In Reply to: Re: Life Choices... Passion vs Practical posted by Rick Denney on March 05, 2004 at 14:05:34:

Wow, Rick, you said just about everything I wanted to say -- as usual -- much better than I'd have said it.

By way of another testimonial, though: until the last two years, my every waking fantasy was to get out of the business I'm in. ANY other job surely would be better. I started feeling that way when I was just about Ben's age, and wasted 10 years increasingly wishing I were doing something else. Building houses, lanscape design, restaurant management, you name it I fantasized about doing it. Then, one day I looked around and realized I had gotten EXACTLY the life I always wanted. I had paid a price for it: doing a job that wasn't always interesting. I had dropped my music major because I wanted to be a good family man (you don't hear that term much any more, btw -- pity). And here I am, happily married with three kids. I wanted to travel outside my home area, and I've spent extended time (more than a couple of months) in several different states around the country. I wanted to make a comfortable living, and I do. I could have done "better" in any one of those areas, but not without doing worse in some other one. When I finally soaked that in, that I had chosen my priorities and gotten what was really important to me, I made the choice to start being content with my job -- and I am, because I recognize it as pivotal to all the things that are really important to me!

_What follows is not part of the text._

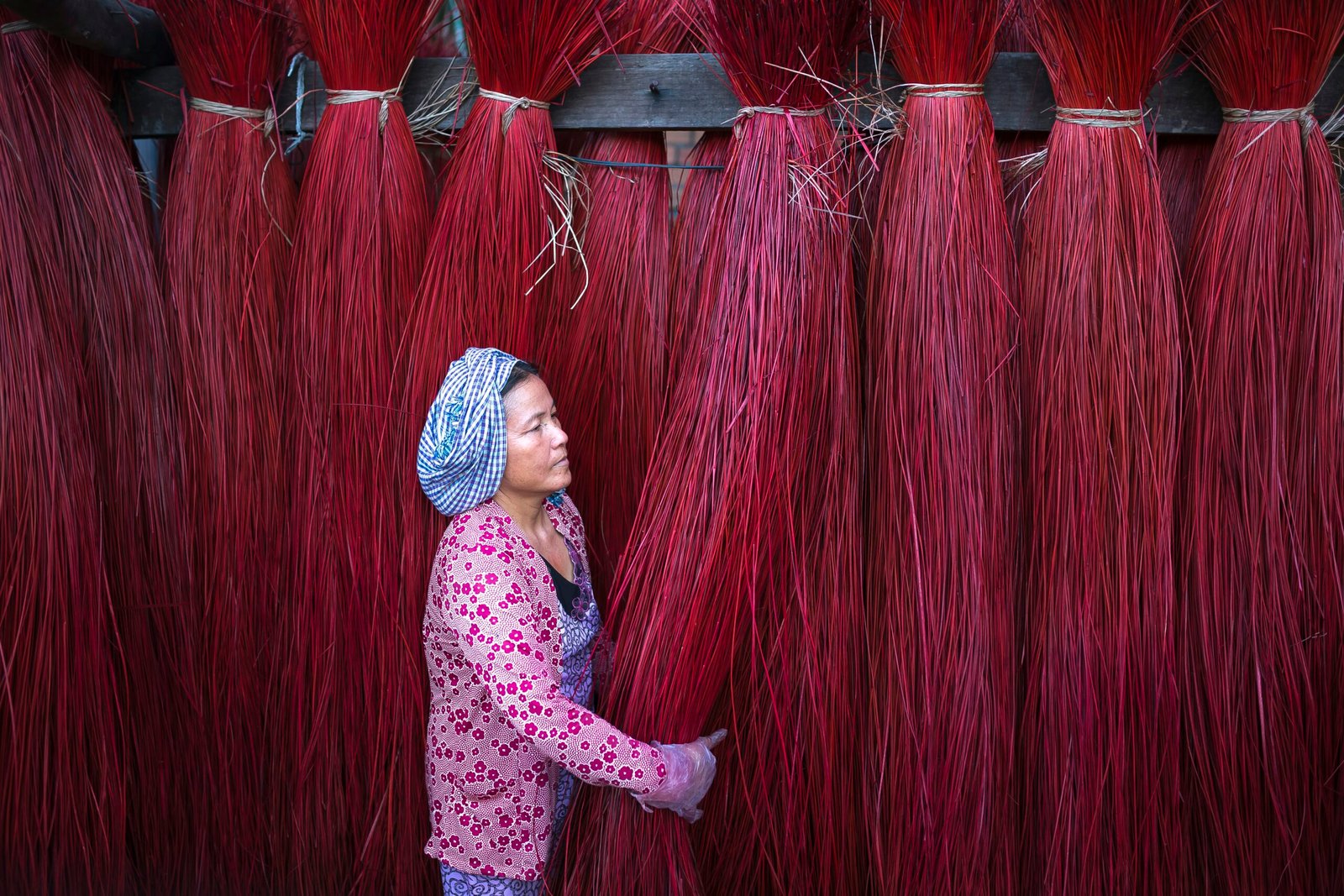 a woman standing in front of a wall of red hair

Whenever I hear someone ask if they should pursue a life as a professional musician, I ask them the questions that helped me to decide:
1. Is there any other way of making a living that could ever make you happy? and
2. If it came right down to it, would you be willing to live the rest of your life single and poor in order to be a professional musician?
If the answer to the first is 'yes' OR the answer to the second is 'no', find another path.

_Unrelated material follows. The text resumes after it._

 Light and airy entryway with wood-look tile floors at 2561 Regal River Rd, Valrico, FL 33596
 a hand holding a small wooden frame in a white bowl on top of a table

One final thought: Sean Chisham was, I think, about your age when he got serious about practicing several hours every morning and night for auditions. A couple of years later, he's in a DC band, married with a young-un, and making a good living. I don't think he went very long, if at all, unemployed between his computer job and the Army band.

Joe Baker, who observes that there are many interesting paths available to a 28 year old college grad BESIDES professional musician, and many places to play besides NYC.